Checked on things this morning, and it appears that my aerator, though powerful enough for my pond, is not powerful enough to keep the whole damn thing from freezing over! I had 1-2" thick ice covering the entire pond, so my pond pump wasn't getting enough water to send through the system, which then caused my return line to freeze, too.

I'm just hoping that the return line doesn't crack or burst when it thaws out.

Assuming it doesn't, I'm gonna switch the pump to run 24/7, which worked last year to keep the pond ice-free for the duration of the winter, which was also quite cold. Continuous flow for the cold season.

I wondered if this was going to happen, and I now I know.

I've got the pump off today, which means that the plants won't get any water. I'm just hoping the plants survive the day while I'm at work. I'm hoping to put some water into the pond today, which should warm it up a bit, and get that pump going full steam.

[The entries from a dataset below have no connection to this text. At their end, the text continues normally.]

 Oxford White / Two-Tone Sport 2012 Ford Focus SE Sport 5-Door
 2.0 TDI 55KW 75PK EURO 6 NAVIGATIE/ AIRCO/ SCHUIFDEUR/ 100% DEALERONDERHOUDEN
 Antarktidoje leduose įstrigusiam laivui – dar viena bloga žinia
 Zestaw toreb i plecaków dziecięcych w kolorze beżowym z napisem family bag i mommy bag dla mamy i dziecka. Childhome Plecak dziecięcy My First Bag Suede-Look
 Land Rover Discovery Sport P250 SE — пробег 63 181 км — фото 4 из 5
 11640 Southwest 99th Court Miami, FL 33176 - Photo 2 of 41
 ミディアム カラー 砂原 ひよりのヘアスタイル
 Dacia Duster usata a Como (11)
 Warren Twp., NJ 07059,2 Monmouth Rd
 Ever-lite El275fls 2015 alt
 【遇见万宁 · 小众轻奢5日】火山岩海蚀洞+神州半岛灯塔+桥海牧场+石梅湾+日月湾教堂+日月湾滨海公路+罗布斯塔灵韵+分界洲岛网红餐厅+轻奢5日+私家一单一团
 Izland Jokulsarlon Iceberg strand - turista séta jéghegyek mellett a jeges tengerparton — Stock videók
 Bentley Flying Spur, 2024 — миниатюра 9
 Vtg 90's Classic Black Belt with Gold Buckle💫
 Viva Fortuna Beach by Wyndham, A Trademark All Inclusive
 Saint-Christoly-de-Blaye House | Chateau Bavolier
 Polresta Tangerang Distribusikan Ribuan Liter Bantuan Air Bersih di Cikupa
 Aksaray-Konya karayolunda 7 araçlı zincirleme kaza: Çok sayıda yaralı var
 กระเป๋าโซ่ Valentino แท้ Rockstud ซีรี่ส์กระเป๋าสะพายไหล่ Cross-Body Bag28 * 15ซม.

BTW - putting your hands into icy pond water repeatedly to try and get the pump to go sucks when it's 18 degrees out.

UPDATE -

2-3 days have now passed since this post, and despite day time temperatures climbing above freezing all three days, the grow beds are quite literally frozen solid. I've removed the greenhouses from above them, hoping that the rain we're getting now will be able to penetrate into the hydroton and help to thaw it out. Tomorrow, it's supposed to rain and reach the upper 40's. With any luck, everything will thaw out and the return lines will drain. If that happens, I'll be able to turn everything back on. Even if that does happen, I wonder if the plants are still alive, as their roots are quick literally frozen into a block of ice right now. Should be interesting!

UPDATE 12/12 -

Got 2 out of the 3 growbeds going again. The 3rd is still frozen in the return line. The arugula there doesn't look it will make it. Many of the leaves look translucent, as if all the chlorophyll has abandoned the plant. Nevertheless, I'd still like to get the flow going again, though it's supposed to be even colder tomorrow night than it was last week. Based on last year, though, as long as the water was flowing, it never completely froze over or through, and everything was still working. We'll see...

Tuesday, June 22, 2010

Trouble with German Johnson's

From the beginning, they seemed a bit weak in the system. I bought them as organic seedlings from Whole Foods. They just never seemed to take well to my aquaponics system, though they had 3 very large tomatoes (still green) on them. For the past week, they've looked weak and wilted, as if they weren't getting enough water. I tried giving them a little boost of nutrients, I tried pouring fresh water over their roots, and I tried cutting the water level down a little. Nothing - they remained wilted. I finally pulled them up yesterday, 'cause they simply didn't look like they were going to make it. The roots looked pretty rotten.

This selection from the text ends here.